What you should do
Whenever "beside" appears in a line of the entries below, that line counts; give the total only.

[Given records — start]

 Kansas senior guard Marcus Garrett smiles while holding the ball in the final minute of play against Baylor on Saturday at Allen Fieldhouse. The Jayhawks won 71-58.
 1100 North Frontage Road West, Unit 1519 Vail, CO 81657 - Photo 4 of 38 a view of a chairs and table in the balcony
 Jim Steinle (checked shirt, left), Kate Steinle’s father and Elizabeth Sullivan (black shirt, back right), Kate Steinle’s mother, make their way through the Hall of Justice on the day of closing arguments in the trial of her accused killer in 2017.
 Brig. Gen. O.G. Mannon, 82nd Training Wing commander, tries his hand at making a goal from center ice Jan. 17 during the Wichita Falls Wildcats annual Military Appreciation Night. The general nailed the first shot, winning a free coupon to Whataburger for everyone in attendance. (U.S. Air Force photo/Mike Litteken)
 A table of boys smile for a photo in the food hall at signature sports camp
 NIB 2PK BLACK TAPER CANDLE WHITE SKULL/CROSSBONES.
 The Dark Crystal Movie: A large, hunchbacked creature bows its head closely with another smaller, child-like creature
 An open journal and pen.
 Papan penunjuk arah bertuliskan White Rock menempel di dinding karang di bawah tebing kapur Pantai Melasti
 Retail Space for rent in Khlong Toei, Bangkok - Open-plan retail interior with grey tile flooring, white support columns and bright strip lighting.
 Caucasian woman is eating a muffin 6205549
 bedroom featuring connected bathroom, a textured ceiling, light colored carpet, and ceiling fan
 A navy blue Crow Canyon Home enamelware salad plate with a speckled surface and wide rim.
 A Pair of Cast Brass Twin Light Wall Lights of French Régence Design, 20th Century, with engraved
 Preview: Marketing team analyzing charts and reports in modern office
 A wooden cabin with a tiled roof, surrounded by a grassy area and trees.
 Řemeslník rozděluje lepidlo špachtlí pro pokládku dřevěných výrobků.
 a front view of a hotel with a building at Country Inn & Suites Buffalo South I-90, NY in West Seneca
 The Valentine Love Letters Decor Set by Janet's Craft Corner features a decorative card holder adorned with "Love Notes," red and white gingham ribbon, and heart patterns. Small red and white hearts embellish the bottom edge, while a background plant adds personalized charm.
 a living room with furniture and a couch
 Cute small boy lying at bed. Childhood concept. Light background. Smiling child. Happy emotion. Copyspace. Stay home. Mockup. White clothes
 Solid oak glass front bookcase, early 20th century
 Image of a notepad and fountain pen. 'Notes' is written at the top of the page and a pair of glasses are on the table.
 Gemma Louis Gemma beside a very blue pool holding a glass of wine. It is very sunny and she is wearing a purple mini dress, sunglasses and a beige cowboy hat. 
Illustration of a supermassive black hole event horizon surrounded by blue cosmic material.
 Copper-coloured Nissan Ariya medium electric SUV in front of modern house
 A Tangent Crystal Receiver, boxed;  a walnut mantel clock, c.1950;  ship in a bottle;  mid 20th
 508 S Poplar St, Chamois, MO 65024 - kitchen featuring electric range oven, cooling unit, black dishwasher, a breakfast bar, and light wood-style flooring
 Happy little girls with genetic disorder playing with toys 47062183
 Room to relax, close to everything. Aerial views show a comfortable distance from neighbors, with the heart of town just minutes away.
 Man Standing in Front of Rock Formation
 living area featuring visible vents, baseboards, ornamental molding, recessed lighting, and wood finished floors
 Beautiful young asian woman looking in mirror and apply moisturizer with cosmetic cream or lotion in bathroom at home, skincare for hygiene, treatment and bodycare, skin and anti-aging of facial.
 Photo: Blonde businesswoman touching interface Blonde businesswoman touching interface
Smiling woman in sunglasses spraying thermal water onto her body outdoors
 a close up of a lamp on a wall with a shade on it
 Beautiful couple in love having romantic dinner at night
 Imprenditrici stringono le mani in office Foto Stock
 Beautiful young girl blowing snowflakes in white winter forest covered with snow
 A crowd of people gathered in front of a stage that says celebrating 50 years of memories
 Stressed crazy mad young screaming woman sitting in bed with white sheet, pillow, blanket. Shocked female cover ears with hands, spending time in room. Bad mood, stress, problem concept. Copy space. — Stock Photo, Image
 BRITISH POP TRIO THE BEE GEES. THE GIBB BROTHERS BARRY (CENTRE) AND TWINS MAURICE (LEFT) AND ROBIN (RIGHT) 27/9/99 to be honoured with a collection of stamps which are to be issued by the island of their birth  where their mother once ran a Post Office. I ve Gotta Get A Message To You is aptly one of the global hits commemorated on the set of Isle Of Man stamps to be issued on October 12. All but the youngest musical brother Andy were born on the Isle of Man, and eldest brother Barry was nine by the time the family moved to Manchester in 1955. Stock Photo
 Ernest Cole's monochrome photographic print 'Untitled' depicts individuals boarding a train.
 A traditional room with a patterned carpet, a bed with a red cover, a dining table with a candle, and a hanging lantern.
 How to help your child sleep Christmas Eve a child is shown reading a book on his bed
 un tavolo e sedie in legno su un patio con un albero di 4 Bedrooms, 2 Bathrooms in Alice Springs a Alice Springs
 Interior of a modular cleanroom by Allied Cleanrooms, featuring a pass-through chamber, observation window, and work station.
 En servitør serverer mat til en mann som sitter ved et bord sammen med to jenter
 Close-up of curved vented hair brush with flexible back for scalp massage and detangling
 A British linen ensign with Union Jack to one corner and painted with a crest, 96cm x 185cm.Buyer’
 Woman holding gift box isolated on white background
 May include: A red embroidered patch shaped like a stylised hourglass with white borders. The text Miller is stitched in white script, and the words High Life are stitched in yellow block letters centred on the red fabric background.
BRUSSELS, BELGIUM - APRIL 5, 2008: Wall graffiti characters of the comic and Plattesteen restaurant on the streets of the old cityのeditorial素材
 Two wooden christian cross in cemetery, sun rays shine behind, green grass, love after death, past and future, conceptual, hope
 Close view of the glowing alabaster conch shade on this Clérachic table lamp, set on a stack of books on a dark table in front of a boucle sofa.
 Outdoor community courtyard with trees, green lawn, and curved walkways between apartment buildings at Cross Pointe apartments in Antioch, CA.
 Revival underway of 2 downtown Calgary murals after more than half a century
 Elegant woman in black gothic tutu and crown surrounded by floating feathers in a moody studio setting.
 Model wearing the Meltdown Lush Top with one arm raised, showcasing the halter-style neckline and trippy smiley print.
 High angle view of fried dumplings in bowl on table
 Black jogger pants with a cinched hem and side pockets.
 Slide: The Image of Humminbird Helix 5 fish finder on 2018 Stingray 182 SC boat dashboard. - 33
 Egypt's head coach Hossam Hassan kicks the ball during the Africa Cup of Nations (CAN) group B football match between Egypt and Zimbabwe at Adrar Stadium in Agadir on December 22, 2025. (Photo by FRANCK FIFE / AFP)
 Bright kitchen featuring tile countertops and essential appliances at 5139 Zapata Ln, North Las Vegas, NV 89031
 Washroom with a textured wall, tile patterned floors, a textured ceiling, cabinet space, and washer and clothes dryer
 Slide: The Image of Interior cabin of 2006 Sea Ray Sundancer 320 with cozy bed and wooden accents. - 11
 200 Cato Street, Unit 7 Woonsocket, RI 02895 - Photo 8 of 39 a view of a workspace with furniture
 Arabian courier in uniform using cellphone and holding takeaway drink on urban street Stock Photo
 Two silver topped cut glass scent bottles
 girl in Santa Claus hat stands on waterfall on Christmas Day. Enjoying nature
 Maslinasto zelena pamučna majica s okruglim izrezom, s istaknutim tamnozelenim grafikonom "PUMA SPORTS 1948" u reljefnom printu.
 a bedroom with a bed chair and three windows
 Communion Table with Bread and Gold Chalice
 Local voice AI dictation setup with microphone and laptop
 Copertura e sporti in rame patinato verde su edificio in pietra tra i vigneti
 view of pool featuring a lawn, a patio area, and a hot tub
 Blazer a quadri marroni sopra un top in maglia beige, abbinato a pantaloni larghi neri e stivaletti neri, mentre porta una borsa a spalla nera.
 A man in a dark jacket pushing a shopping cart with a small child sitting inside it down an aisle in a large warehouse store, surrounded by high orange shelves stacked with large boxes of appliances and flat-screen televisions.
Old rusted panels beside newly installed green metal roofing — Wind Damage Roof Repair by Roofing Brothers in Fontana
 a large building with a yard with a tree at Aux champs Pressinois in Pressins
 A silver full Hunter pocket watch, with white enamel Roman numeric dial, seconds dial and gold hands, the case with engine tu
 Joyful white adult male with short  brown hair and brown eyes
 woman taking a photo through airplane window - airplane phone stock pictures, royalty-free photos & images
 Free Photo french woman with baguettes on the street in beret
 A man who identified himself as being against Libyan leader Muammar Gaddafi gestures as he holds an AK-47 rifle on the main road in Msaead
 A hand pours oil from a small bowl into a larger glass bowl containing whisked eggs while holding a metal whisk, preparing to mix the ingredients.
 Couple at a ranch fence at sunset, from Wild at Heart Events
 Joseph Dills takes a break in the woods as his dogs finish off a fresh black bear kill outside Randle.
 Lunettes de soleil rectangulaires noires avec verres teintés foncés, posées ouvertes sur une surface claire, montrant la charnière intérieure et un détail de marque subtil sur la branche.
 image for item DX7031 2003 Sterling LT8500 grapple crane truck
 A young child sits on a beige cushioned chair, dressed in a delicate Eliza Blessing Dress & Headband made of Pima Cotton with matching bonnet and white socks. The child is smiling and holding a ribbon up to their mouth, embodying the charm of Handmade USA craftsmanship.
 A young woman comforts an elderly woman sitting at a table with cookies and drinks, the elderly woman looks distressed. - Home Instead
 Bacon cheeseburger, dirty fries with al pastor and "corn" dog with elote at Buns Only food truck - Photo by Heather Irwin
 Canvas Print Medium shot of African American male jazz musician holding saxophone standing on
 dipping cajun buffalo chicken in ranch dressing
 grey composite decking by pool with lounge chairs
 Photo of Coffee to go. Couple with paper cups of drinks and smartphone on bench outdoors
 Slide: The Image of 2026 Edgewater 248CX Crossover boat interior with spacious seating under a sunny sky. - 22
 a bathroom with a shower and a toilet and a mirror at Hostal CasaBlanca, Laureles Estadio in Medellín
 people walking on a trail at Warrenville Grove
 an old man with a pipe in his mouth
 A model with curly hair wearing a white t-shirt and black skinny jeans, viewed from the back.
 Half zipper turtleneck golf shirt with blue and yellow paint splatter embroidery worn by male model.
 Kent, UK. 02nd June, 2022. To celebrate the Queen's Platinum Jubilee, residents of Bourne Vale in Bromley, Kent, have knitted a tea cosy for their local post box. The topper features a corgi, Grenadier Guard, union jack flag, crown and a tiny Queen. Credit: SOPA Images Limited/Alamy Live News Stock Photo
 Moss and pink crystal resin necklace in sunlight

[Given records — finish]

Output of the task
2